Information provided -
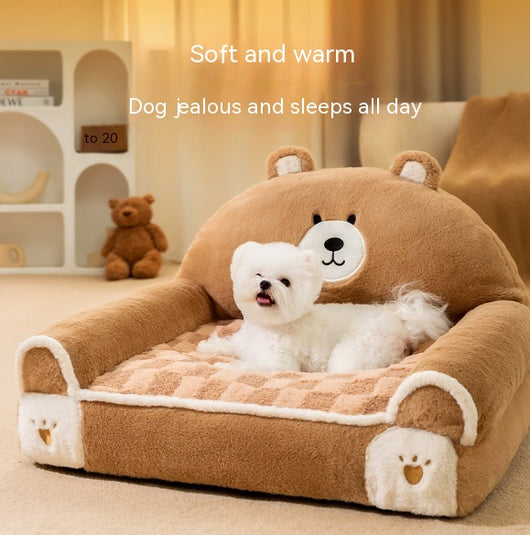 Cama Térmica de Angora para Perros Pequeños y Medianos - Sofá Cálido para Mascotas - Image 10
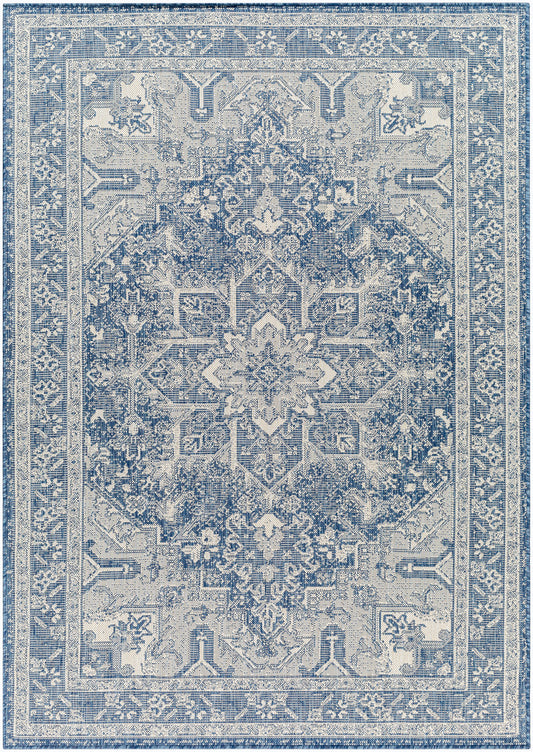 Surya Ravello Rvl-2309 Denim, Dark Blue, Ivory, Light Beige Area Rug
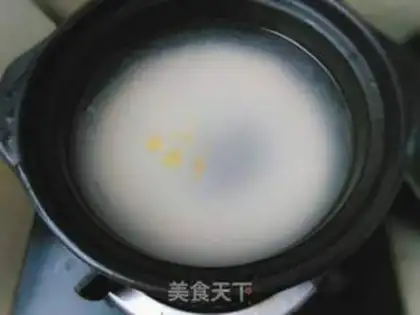 Make Beef egg porridge step 1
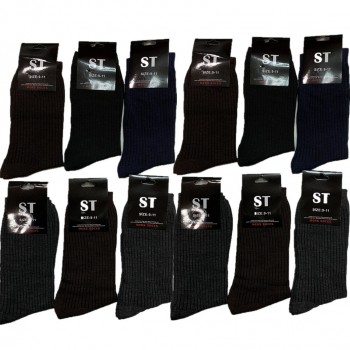 NEW 12 Pairs Mens Cotton Crew Fashion Casual Dress Socks Size9-11 10-13 SX-201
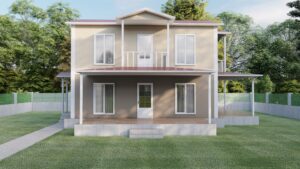 3+2 155 m² Geniş Çift Katlı Prefabrik Ev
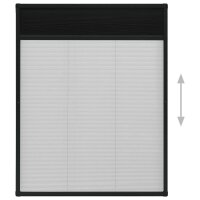 vidaXL Insektenschutz-Plissee f&uuml;r Fenster Aluminium Anthrazit 80x100cm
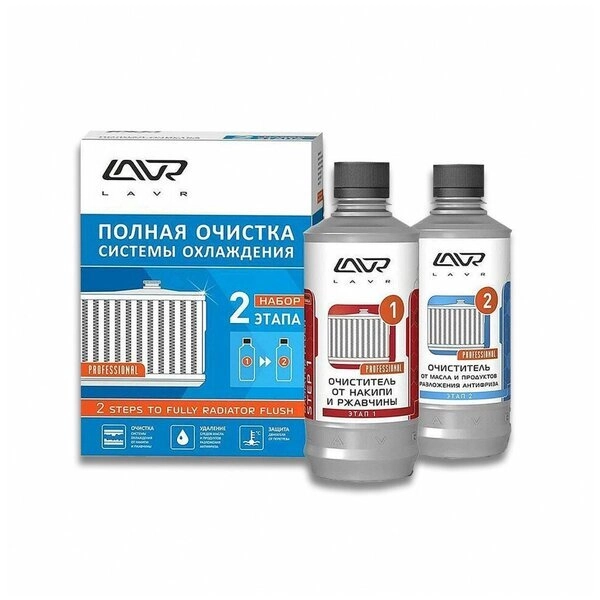 LAVR 1106 Полная очистка системы охлаждения в 2 этапа 310мл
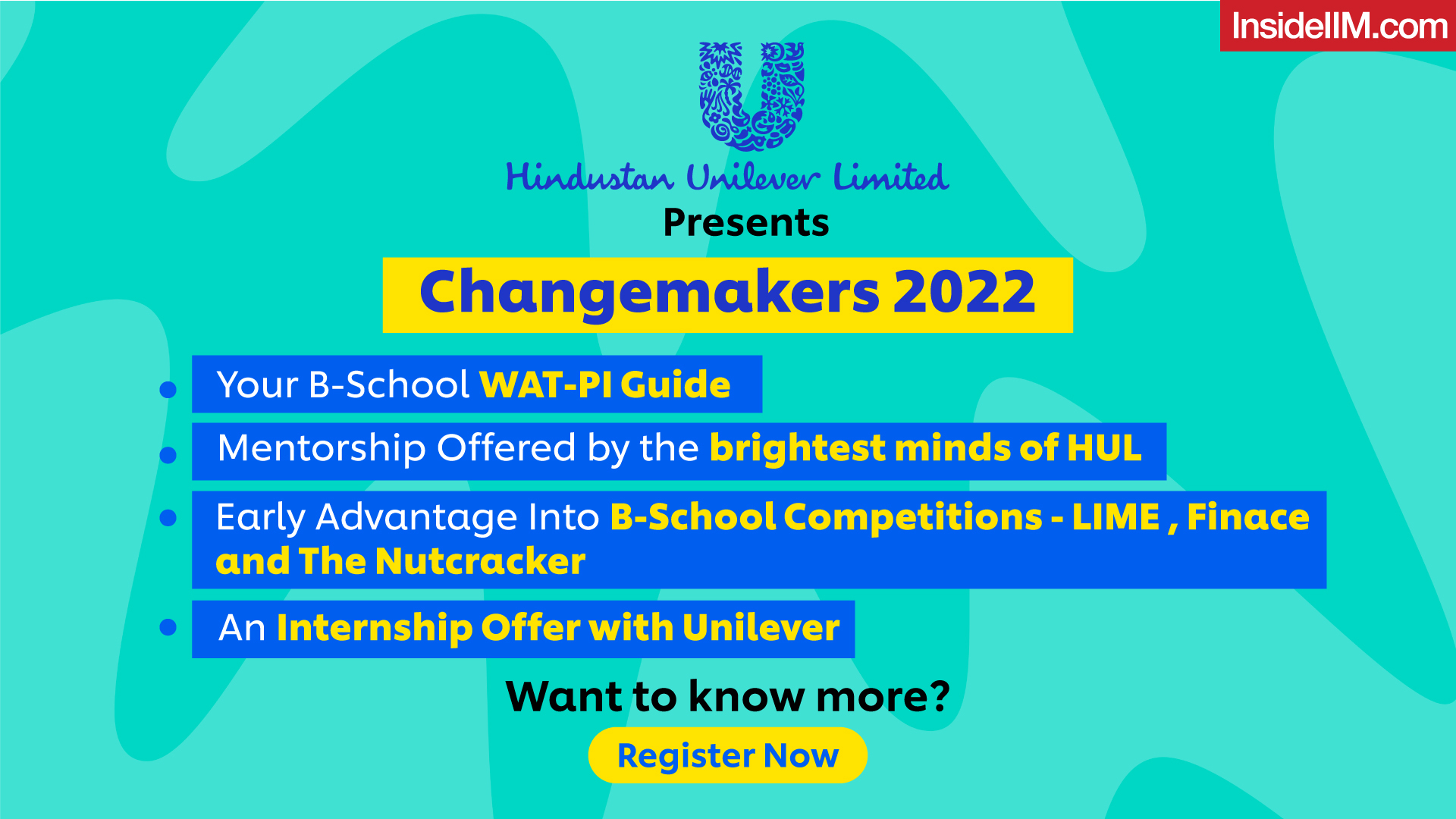 HUL Changemakers 2022 - Register Now!
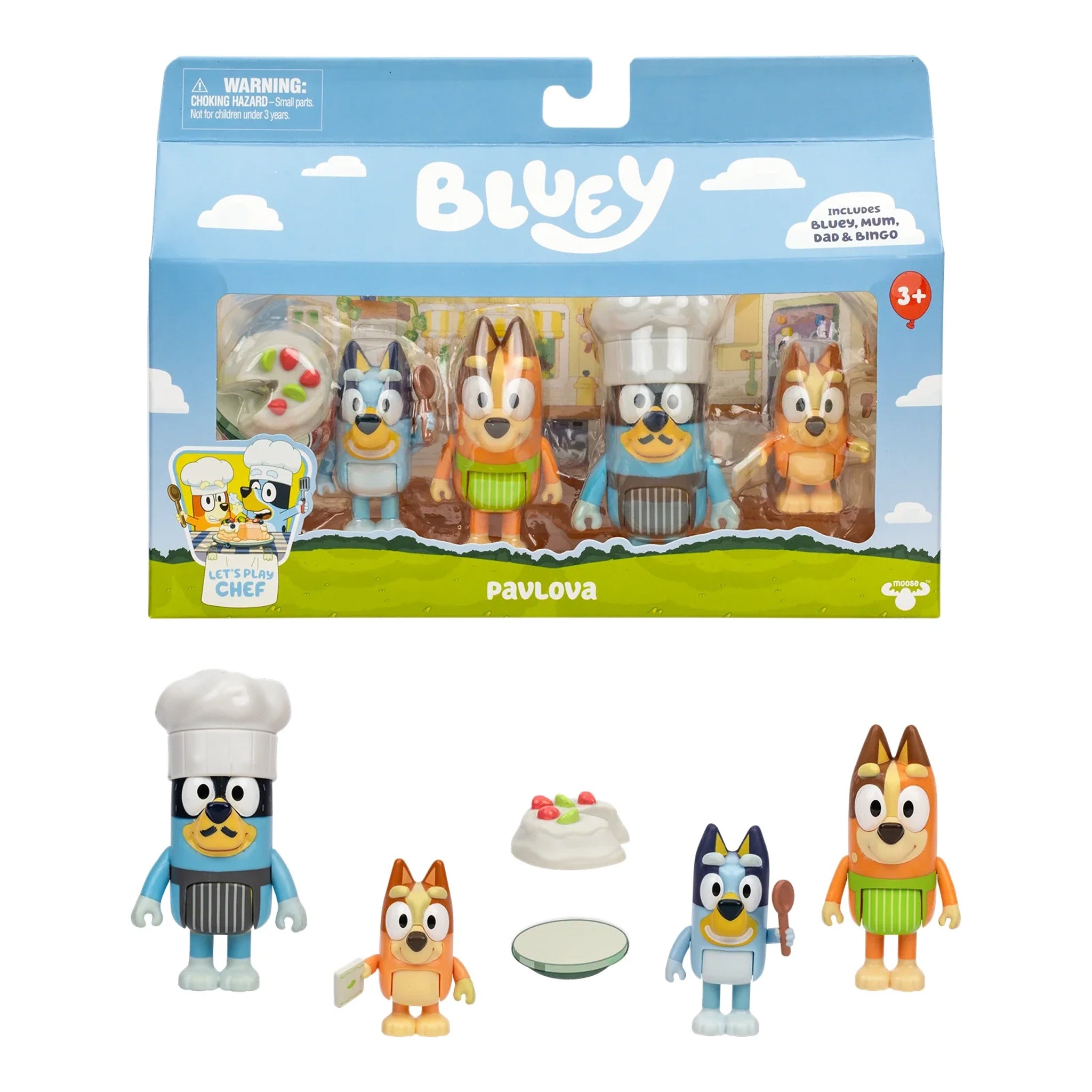 Bluey Series 13 Figure 4 Pack assorted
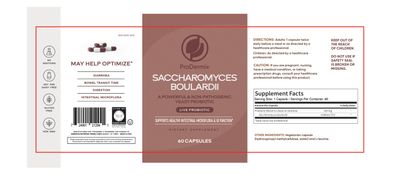ProDermix, Kosher Saccharomyces Boulardii - 60 Vegetarian Capsules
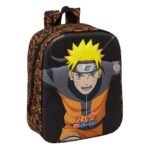 Naruto Mochila Infantil Preescolar Relieve Frontal 3D Negro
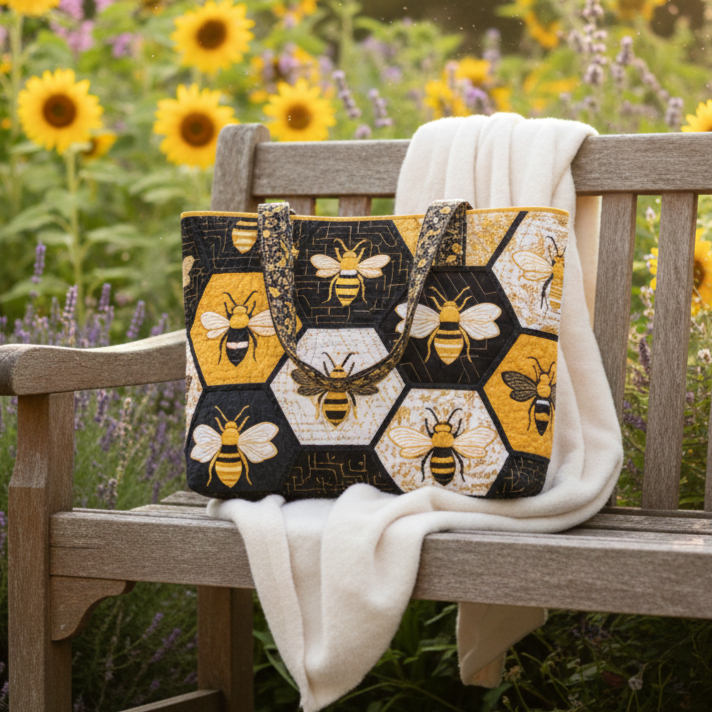 Embroidered Bee Tote Bag GFTOMA1778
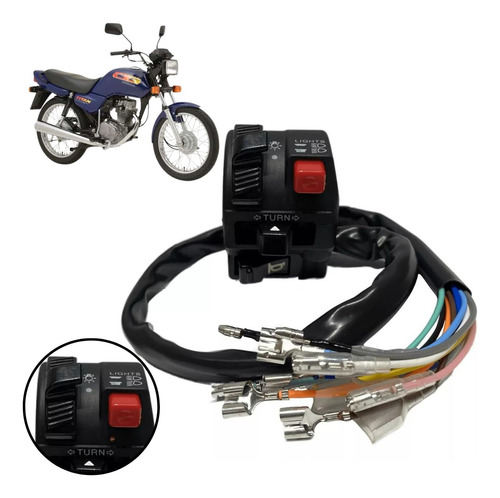 Punho Chave De Luz Cg 125 Titan Cargo 95 Até 99 Seta Pisca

Activity - In the entries above, find the line with "3+2 155 m² Geniş Çift Katlı Prefabrik Ev" and the line with "Naruto Mochila Infantil". Return exactly those lines and all the ones between them, pictures excluded.

Exercise answer -
 3+2 155 m² Geniş Çift Katlı Prefabrik Ev
 vidaXL Insektenschutz-Plissee f&uuml;r Fenster Aluminium Anthrazit 80x100cm
 LAVR 1106 Полная очистка системы охлаждения в 2 этапа 310мл
 HUL Changemakers 2022 - Register Now!
 Bluey Series 13 Figure 4 Pack assorted
ProDermix, Kosher Saccharomyces Boulardii - 60 Vegetarian Capsules
 Naruto Mochila Infantil Preescolar Relieve Frontal 3D Negro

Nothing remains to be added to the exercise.